This continues a discussion on the El Faro thread concerning the utility of anemometers.
When I went to maritime academy we were taught how to determine true wind direction and speed using an anemometer, a maneuvering board and vector diagrams (remember those?). Well and good. Then I graduated and began working in the Bering Sea. We had anemometers. Sometimes they were to be trusted. Sometimes not. Sometimes they “worked“, but the reading was patently false. Venturi effects and wind channeling peculiar to the wheelhouse structure affected the anemometer on certain courses at a certain wind speeds.
Few skippers really cared, because most of them determined true wind by looking out the window and at the gyrocompass. The angle of the waves to ship’s heading told you wind direction. The faculty of judging of wind speed was developed by a curious osmosis of studying the sea state when the anemometer deigned to work, listening to the weather reports of nearby vessels, and, most importantly, by referring to the Beaufort Scale. Admiral Beaufort knew his stuff, and the laws of physics have not been repealed or altered since he came up with his scale in 1805. In the GoA and Bering Sea in Winter, in a 200’ boat, you got good at judging wind direction really quick.
One could say that reading an anemometer requires no experience. That would be correct, but doesn’t acknowledge the fact that anemometers can blithely lie. And how many times did a mate do vector diagram, get it wrong, and blithely log the results?
What did we do at night? Simple. We turned on the decklights and looked at the sea. The horror! Weren’t all those cones and rods in our eyeballs fried? They were already offended by all the radars and indicator lights in the wheelhouse, so no harm was really done.
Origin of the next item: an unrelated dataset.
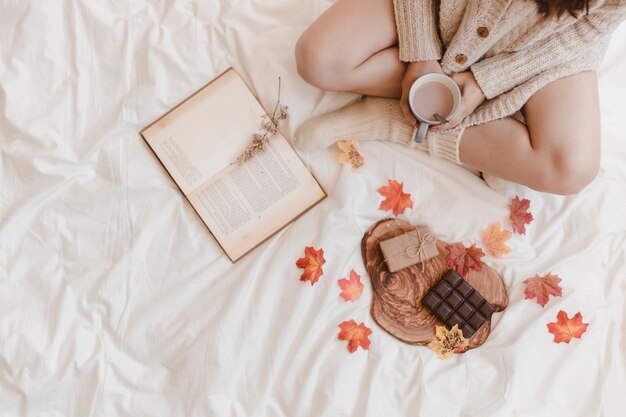 Mujer de cultivo con café y libro cerca de chocolate y regalo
When the atmosphere was white with flying spray and the wind was past 100 knots (which was not as rare as we would have preferred) our cheap anemometers died of fright anyway. (Thanks “Kraken” for the tip on Ultrasonic 2-axis anemometers. We will look into those…).
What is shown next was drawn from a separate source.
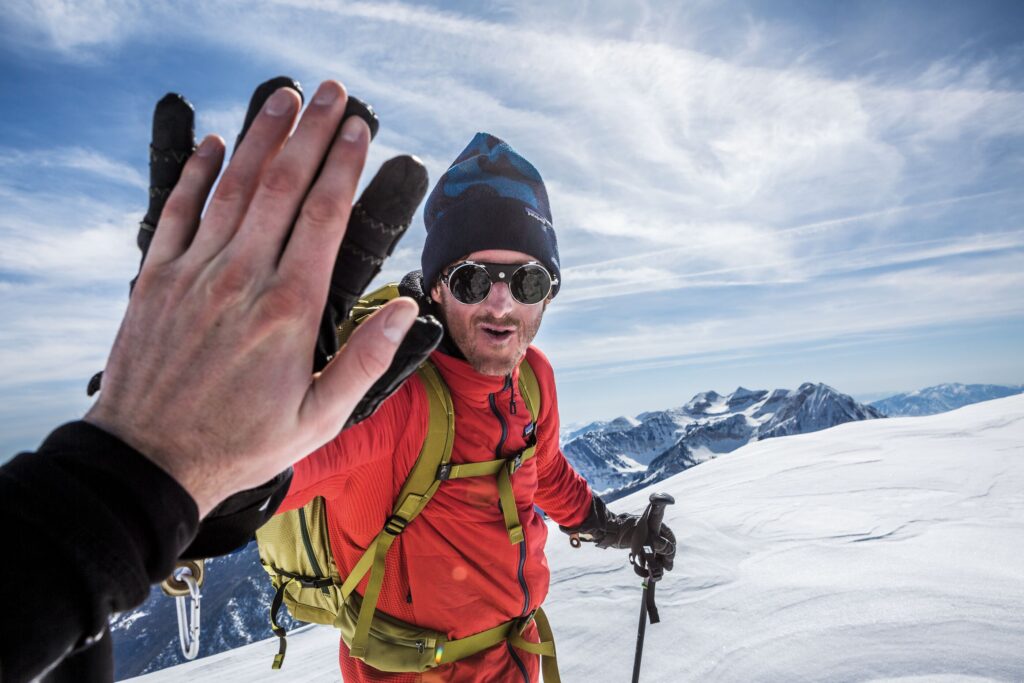 a man in vintage style alpine sunglasses gives a man with a bare hand (not in shot) a high-5 whilst ski touring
I do some training with some state school maritime academy students nowadays. They are bright, well-motivated, and learn quickly. Nevertheless, one or two years into the academy, some are unable to tell which way the true wind is coming from just by studying the sea, mostly in light winds. Similarly unaware of the importance of tidal currents in navigation. But then they are here to learn, and they have to start somewhere. I just hope the academy makes a big deal about these basic facets of a deck officer’s life, later on in their training. Sometimes we lose the forest for the trees.
Someone with a mate’s license has no excuse not knowing how to estimate the wind with nothing but a compass. Years ago I was captain of a freighter in the middle of the Gulf of Alaska. Our true course was about 270 degrees. A 15-knot wind was coming dead out of the West. At about 0100 hours with an overcast sky, the gyrocompass tumbled due to a momentary loss of a genset. Standard procedure: steer by magnetic compass until the gyro settled down. Trouble was, it was a new boat, and being an uninspected vessel, the position of the binnacle was not as rigidly prescribed as it would be otherwise. In short, it was not placed near enough to the steering station to be useful. Stupid, I know. It was changed after the voyage. But there we were, in pre-GPS days. The mate on watch called me immediately and asked me what to do.
The situation was ridiculous in regards to binnacle placement, but not a total loss. The wind was from the West and were headed west at 11 knots. It was easy, I said. The helmsman should keep the bow at right angles to the waves, while the mate kept an eye on the magnetic compass, until the gyro settled. No targets on the radar screen, on a normally empty bit of ocean.
Neither the mate or the helmsman could do it! They had absolutely no idea of how to tell the direction of the waves, and therefore how to steer into them! First one and then the other took the wheel and yawed about, while the other called out headings and corrections. Long story short, I had to stay up there for the 90 minutes and steer myself.
After that I took it on myself to make sure mates and helmsman could do what should have been second nature to an experienced mariner. Nowadays we have in-company training. We have a training boat. If you jump from OS to AB, or AB to mate, you put in your time on the training boat to learn piloting, a part of which is judging the wind. I find the same thing. Lots of “experienced” seaman are clueless about sizing up the wind visually.
Dear Ann Landers: Am I hopelessly out of date? Signed: Blow Hard in Seattle.